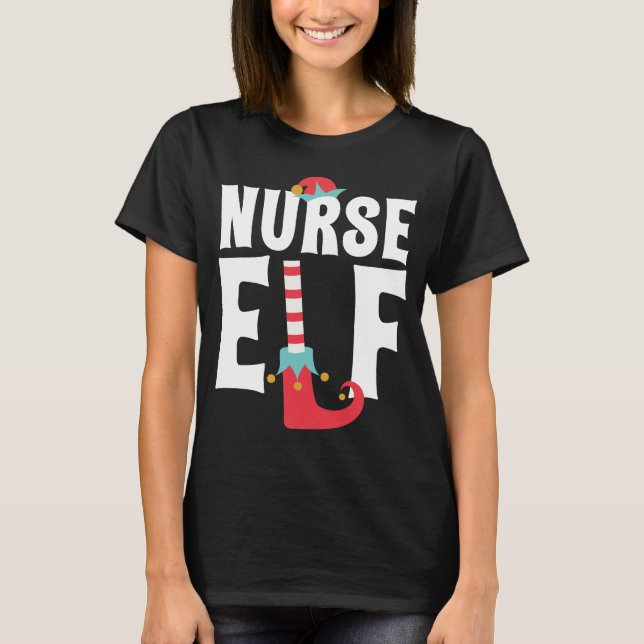 Nurse Elf Niedlich Funny Weihnachtskostüm T-Shirt (Vorderseite)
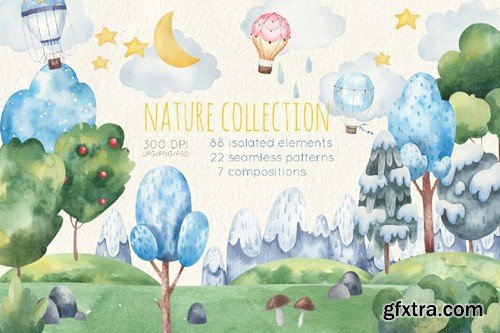 watercolor baby nature collection 38P8CEM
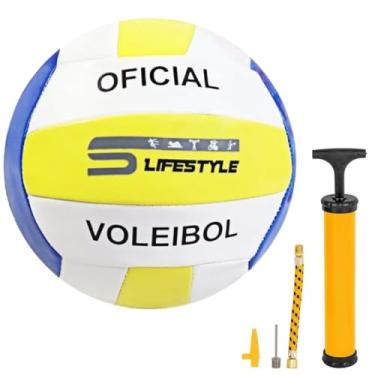 Imagem de Bola de Vôlei para Quadra e Praia com Bomba de Ar – Tamanho Oficial – Ideal para Treino, Jogo e Recreação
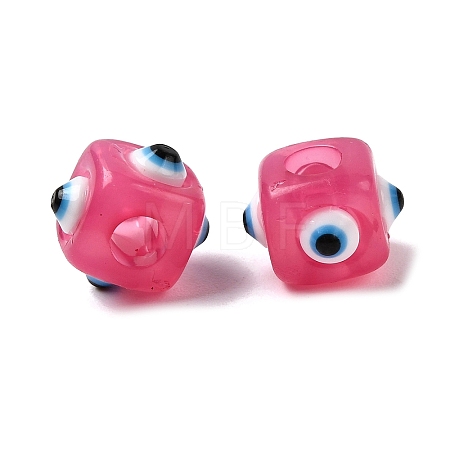 Resin Evil Eye European Beads RESI-A021-11-1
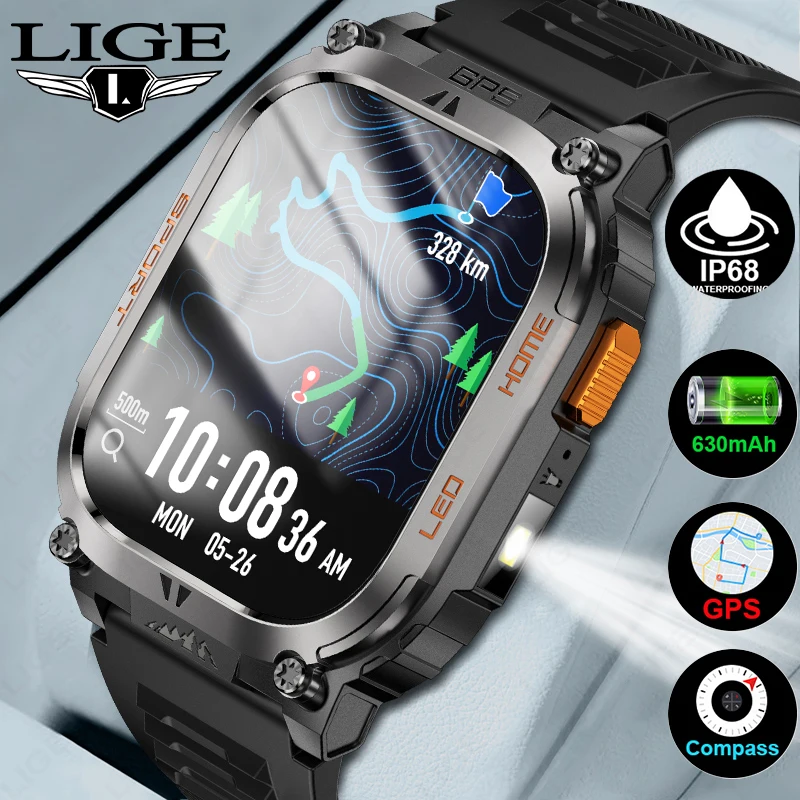 LIGE 2026 Neue GPS-Smartwatch für Männer, 2,01 Zoll großer Bildschirm, Kompass, Smartwatches, Herzfrequenz, BT-Anruf, Sport, Gesundheit, Tracekr-Smartwatch Image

= Assigned task =
Return exactly the lines that begin with the one containing "Imagem de Bola" and end with the final line of the data above; include no pictures.

= Answer to the problem =
 Imagem de Bola de Vôlei para Quadra e Praia com Bomba de Ar – Tamanho Oficial – Ideal para Treino, Jogo e Recreação
 Resin Evil Eye European Beads RESI-A021-11-1
 LIGE 2026 Neue GPS-Smartwatch für Männer, 2,01 Zoll großer Bildschirm, Kompass, Smartwatches, Herzfrequenz, BT-Anruf, Sport, Gesundheit, Tracekr-Smartwatch Image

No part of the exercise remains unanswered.